22 Nisan 2014 Salı

İtalya Turu III: Floransa


Floransa (Frenze) Arno nehrinin böldüğü, İtalya rönesansının doğduğu, Leonardo da Vinci ve Michalengelo'nun yetiştiği şehir. Sembolü zambak olan Floransa aynı zamanda Toscana bölgesinin başkenti ve her yıl 25 milyon turist alıyor.


Ortaçağ İtalya'sında merkezi bir otorite yoktu, 15. yüzyıl başlarında Floransa 50 bin nüfuslu, yün ticaretiyle zenginleşmiş bir şehirdi. Bu zenginlikte Medici ailesinin katkısı büyüktü, aile yönetimde de söz sahibiydi, bunun yanı sıra pek çok sanatçıyı himaye ediyordu.

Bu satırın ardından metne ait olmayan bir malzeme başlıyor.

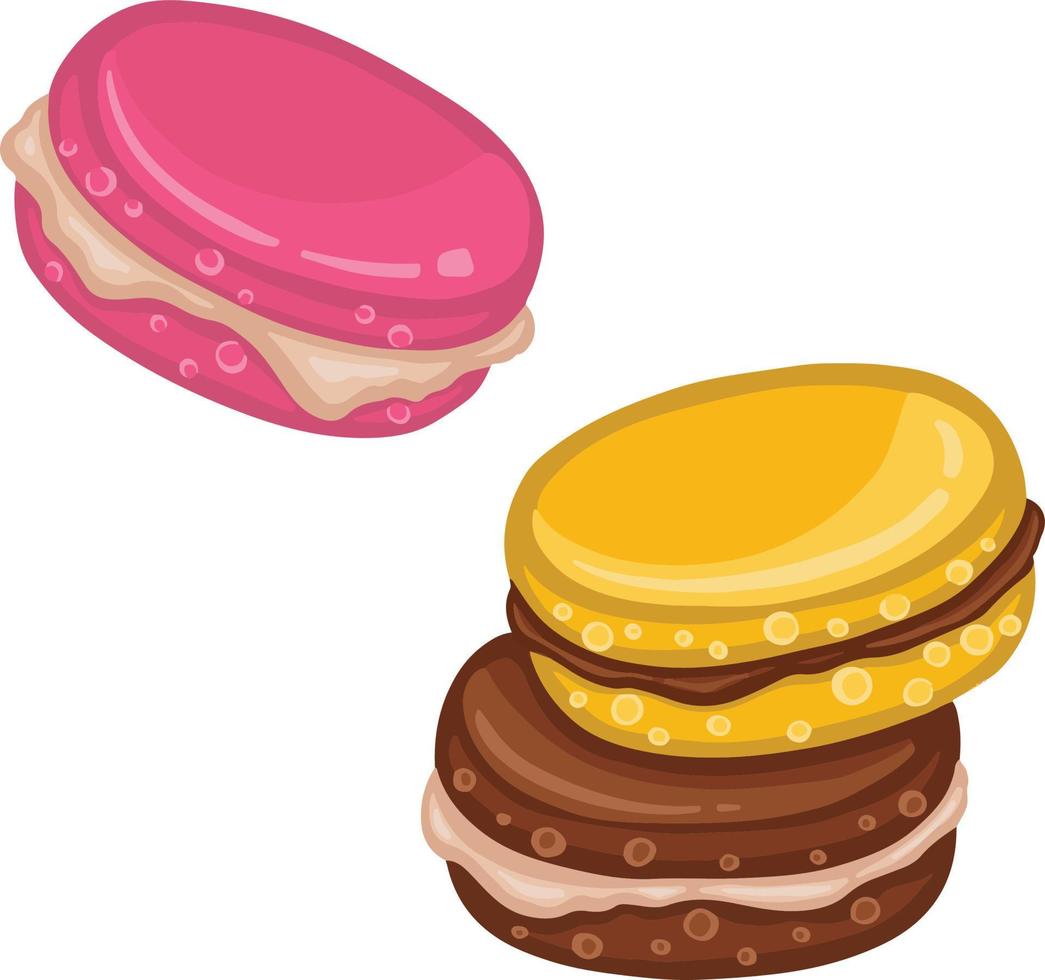 biscoitos de macaron, sobremesa de bolo, ilustração desenhada à mão vetor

Floransa'ya giderseniz Senyörler Meydanı'nı (Piazza del Signoria), 14. yüzyıldan kalma Vechio Köprüsü'nü (Ponte Vechio) görmeden dönmeyin.

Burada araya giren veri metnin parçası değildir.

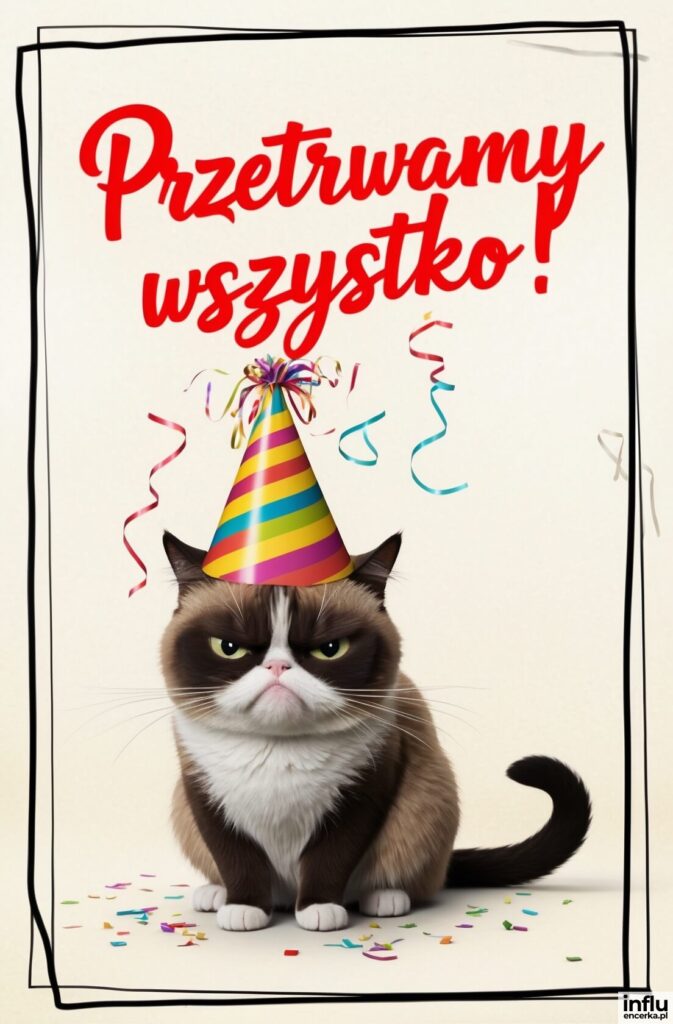 Zrzędliwy kot w kolorowej czapeczce urodzinowej siedzi wśród konfetti, nad nim czerwony napis „Przetrwamy wszystko!”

Santa Maria del Fiore Katedrali ise kelimenin tam anlamıyla muhteşem. Beyaz, pembe, yeşil mermerden yapılmış bu gotik katedralin süslemeleri 140 yılda tamamlanmış. Katedralin çan kulesi (Giotto çan kulesi), 85 metre yükseklikte, 10 bin tonluk bir çana sahip.


Vaftizhane kapıları Cennetin Kapıları diye biliniyor, yaklaşık 5 metrelik kapılarda kutsal kitaptan on sahne var ama meydanda göreceğiniz maalesef kapıların aslı değil.
Senyörler Meydanı tam bir açık hava müzesi, meydanda Poseidon Çeşmesi, Davut heykeli (orijinali Accademia Gallery'de), Perseus, Herkül... daha pek çok heykel bulunuyor. Meydan oldukça kalabalıktı, sanat tarihi öğrencileri de bir köşede çizim yapıyorlardı. Meydanda susuz kalanlar için ufak bir not: Poseidon Havuzunun arkasında bir çeşme bulunuyor.

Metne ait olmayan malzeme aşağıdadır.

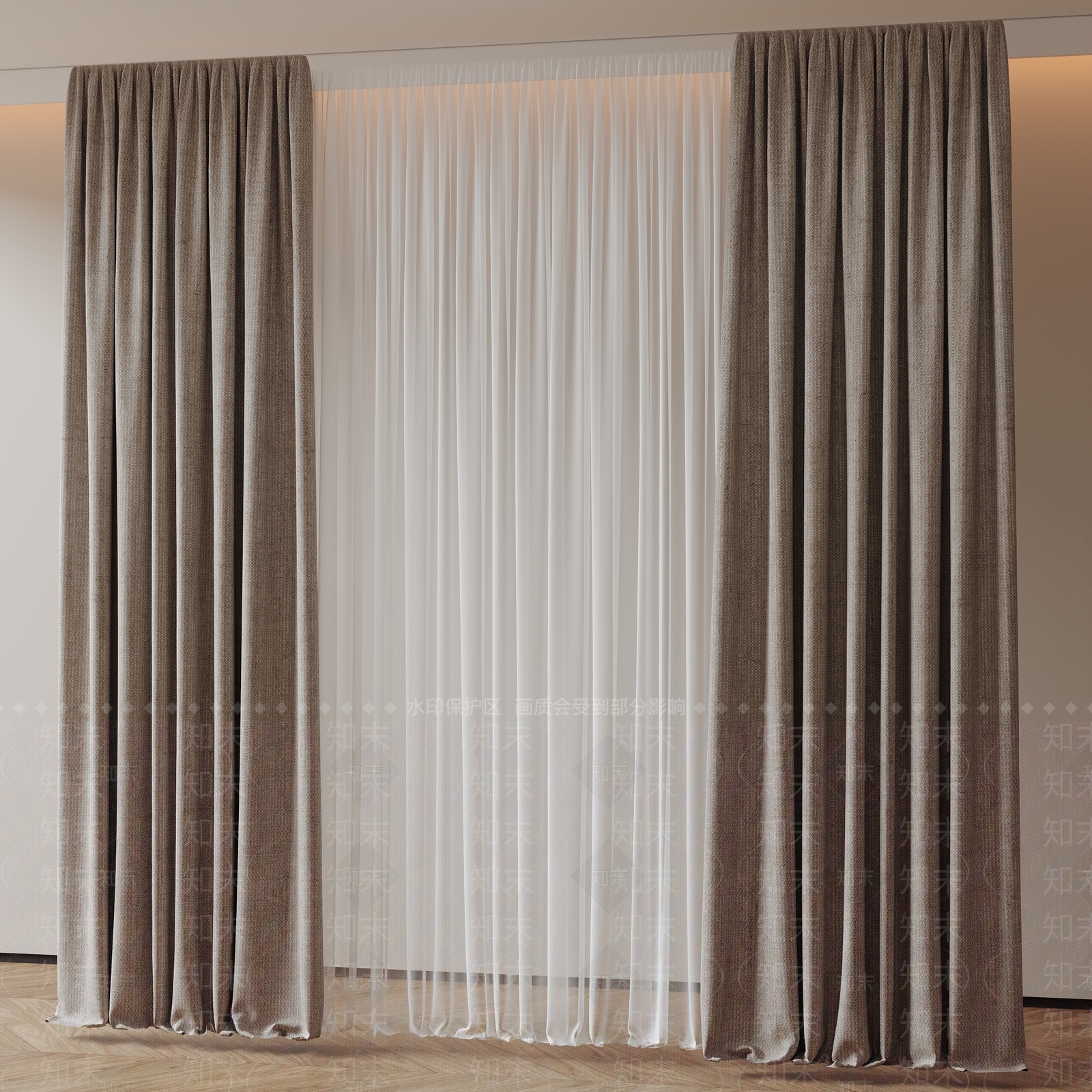 现代极简窗帘SU模型下载【ID:1203542395】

Duomo İtalya'nın en büyük kilisesi, 463 merdiveni çıkmayı göze alırsanız, en tepesine çıkılabiliyor.


Floransa'daki ünlü Uffizi Müzesi dünyanın en ünlü müzelerinden biri. 600 yıllık bir tarihi var ve içinde Medici ailesinin inanılmaz sanat koleksiyonu bulunmakta. İki katlı müze her yıl milyonlarca ziyaretçiyi ağırlıyor. İçinde Boticelli, Tziano, Rafaello, Michalengelo, Rembrant, Leonardo da Vinci gibi yüzlerce ressamın eserlerini ve sayısız heykeli barındırıyor. Bir haberde galerinin ekonomik sıkıntı yüzünden elektrik borcunu ödeyemediğini, sıkıntının devamı halinde galerinin kapanacağını okumuştum, umarım bu gerçekleşmez. Floransa'daki ilk günümüz pazartesi olduğundan müze kapalıydı, ikinci gün ise Toscana turu olduğundan ben maalesef gezemedim.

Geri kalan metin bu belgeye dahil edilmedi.